BNet Business Network is reporting that AIG may be on the verge of collapse, depsite the $143 billion it’s been given in federal tax dollars to keep it afloat. If ever there were a time to tell Washington to stop the outflow to taxpayer money to private companies, it’s now.
Despite a $143 billion federal rescue effort, American International Group seems to be tottering towards collapse. The giant insurer is quickly running through Federal Reserve lending and key executives are jumping ship, leaving some experts to wonder if bankruptcy might have been a better alternative.
Claiming to be solvent in September, AIG has been spending nearly $123 billion of the emergency Federal Reserve lending made available in September and October to keep the firm from going under.
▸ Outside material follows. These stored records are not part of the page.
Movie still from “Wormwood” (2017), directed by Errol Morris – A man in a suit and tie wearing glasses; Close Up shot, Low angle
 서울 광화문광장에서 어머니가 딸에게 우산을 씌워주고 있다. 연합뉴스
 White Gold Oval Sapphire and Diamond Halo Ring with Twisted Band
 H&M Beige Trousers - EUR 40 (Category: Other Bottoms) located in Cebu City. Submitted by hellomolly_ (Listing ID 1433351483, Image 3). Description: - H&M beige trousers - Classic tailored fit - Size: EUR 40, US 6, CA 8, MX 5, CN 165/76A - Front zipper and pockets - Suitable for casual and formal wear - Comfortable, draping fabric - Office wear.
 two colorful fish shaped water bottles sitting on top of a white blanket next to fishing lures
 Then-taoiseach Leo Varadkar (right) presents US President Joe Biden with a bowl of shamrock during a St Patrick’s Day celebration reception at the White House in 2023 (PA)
The money was part of a total of $143 billion in loan money given by the federal government to assuage fears that AIG was so large and intertwined with the financial community that its failure would have a disastrous domino effect.
The firm originally received $85 billion in bailout money in mid-September, but that sum has been increased by $38 billion more to give it credit in securities so it won’t spend the first $85 billion too fast. Last week, the Fed agreed to let AIG borrow $20 million more from a commercial paper bailout fund it had set up.
Burning so much money so fast has raised suspicions that AIG had already incurred billions of dollars in losses when the federal government extended it the $85 billion emergency line of credit. According to media accounts, AIG has not provided details of how it has spent the money. Complicating matters is that many of AIG.’s liabilities are in complicated and hard to value derivatives.